- [Records shown]
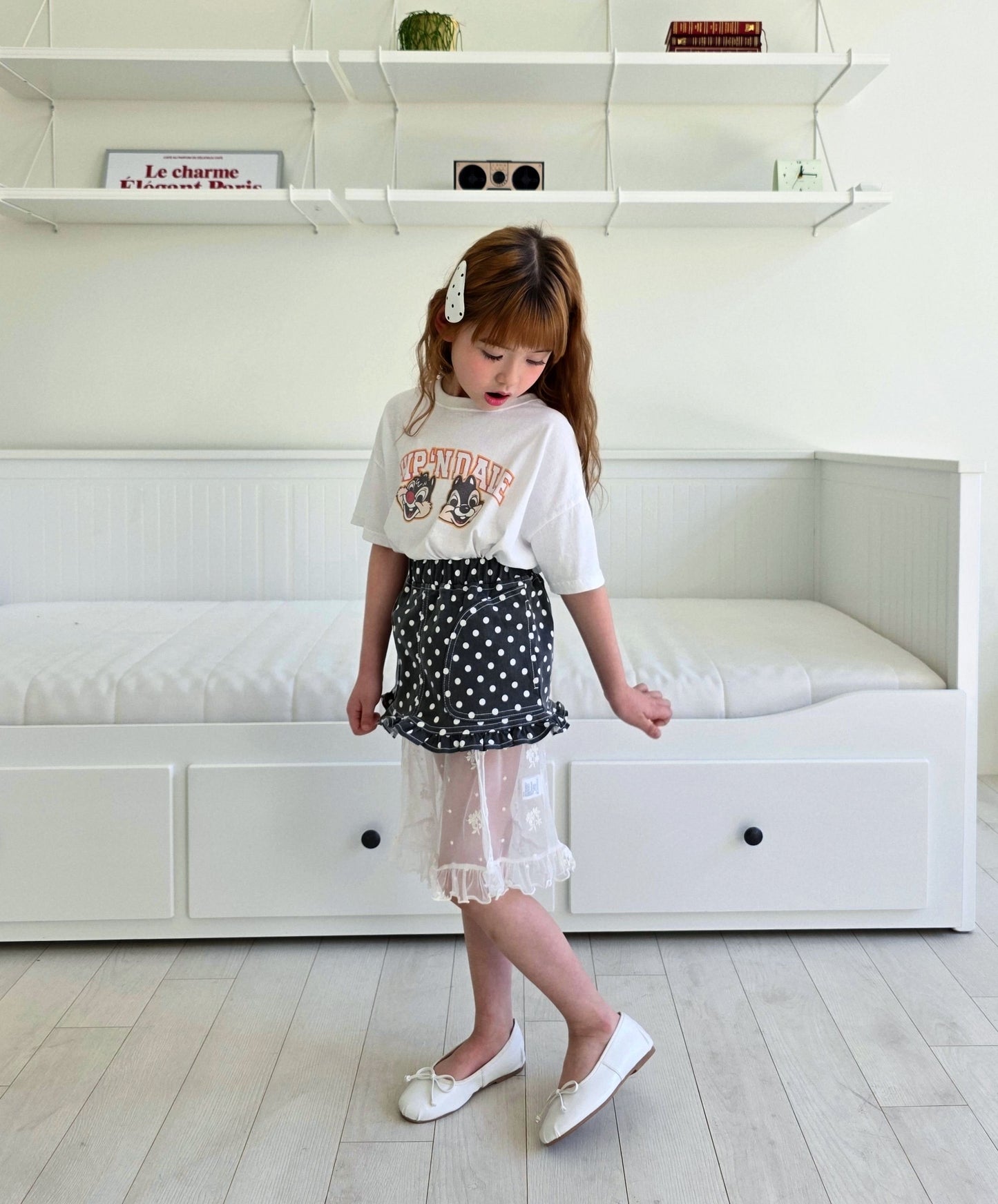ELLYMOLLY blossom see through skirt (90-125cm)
* * *
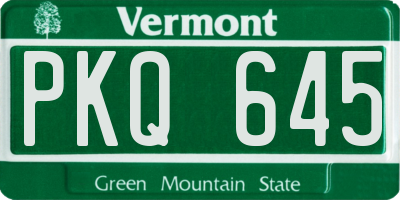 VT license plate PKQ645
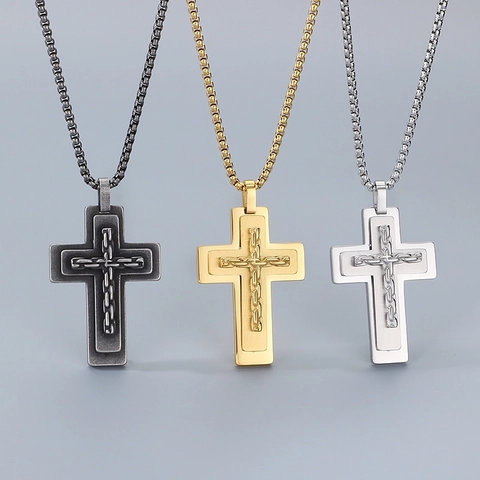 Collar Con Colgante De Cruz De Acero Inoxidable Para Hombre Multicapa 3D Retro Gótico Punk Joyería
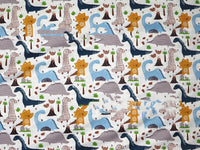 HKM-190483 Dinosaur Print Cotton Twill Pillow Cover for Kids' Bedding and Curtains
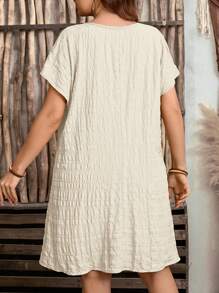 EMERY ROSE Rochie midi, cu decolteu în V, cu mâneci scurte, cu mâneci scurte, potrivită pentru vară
* * *
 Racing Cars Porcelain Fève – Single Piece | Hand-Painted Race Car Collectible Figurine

- [What to produce] With pictures omitted, repeat the entries above word for word from the line holding "Collar Con Colgante" down to the line holding "EMERY ROSE Rochie", keeping both of those lines.

- [Result]
 Collar Con Colgante De Cruz De Acero Inoxidable Para Hombre Multicapa 3D Retro Gótico Punk Joyería
 HKM-190483 Dinosaur Print Cotton Twill Pillow Cover for Kids' Bedding and Curtains
 EMERY ROSE Rochie midi, cu decolteu în V, cu mâneci scurte, cu mâneci scurte, potrivită pentru vară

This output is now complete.